Confidentiality of information is a key consideration in many networking applications, including e-commerce, online banking, and intelligence operations. How can information be communicated reliably to the legitimate users, while keeping it secret from eavesdroppers? How does such a secrecy constraint on communication affect the limits on information flow in the network?

In this chapter, we study these questions under the information theoretic notion of secrecy, which requires each eavesdropper to obtain essentially no information about the messages sent from knowledge of its received sequence, the channel statistics, and the codebooks used. We investigate two approaches to achieve secure communication. The first is to exploit the statistics of the channel from the sender to the legitimate receivers and the eavesdroppers. We introduce the wiretap channel as a 2-receiver broadcast channel with a legitimate receiver and an eavesdropper, and establish its secrecy capacity, which is the highest achievable secret communication rate. The idea is to design the encoder so that the channel from the sender to the receiver becomes effectively stronger than the channel to the eavesdropper; hence the receiver can recover the message but the eavesdropper cannot. This wiretap coding scheme involves multicoding and randomized encoding.

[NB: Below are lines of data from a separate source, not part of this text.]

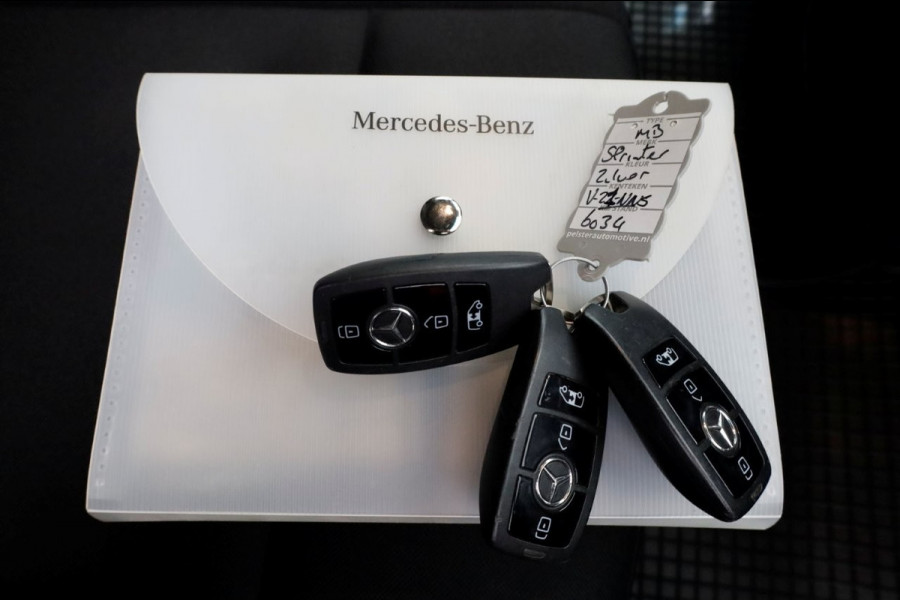 Mercedes-Benz Sprinter 314 CDI 143pk E6 9G Automaat L1H1 LED/ACC/Camera/Inrichting 11-2019
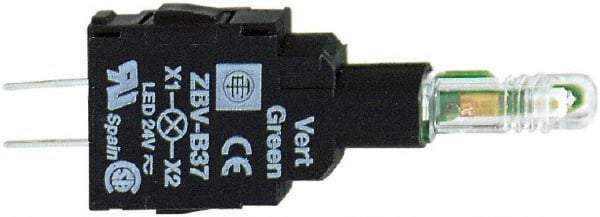 Schneider Electric - Red Lens LED Indicating Light - Americas Industrial Supply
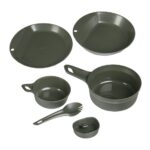 WILDO explorer kit söögiriistade komplekt 6 osaline, olive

If the channel from the sender to the receiver is weaker than that to the eavesdropper, however, secret communication at a positive rate is not possible. This brings us to the second approach to achieve secret communication, which is to use a secret key shared between the sender and the receiver but unknown to the eavesdropper. We show that the rate of such secret key must be at least as high as the rate of the confidential message. This raises the question of how the sender and the receiver can agree on such a long secret key in the first place. After all, if they had a confidential channel with sufficiently high capacity to communicate the key, then why not use it to communicate the message itself!

We show that if the sender and the receiver have access to correlated sources (e.g., through a satellite beaming common randomness to them), then they can still agree on a secret key even when the channel has zero secrecy capacity. We first consider the source model for key agreement, where the sender communicates with the receiver over a noiseless public broadcast channel to generate a secret key from their correlated sources.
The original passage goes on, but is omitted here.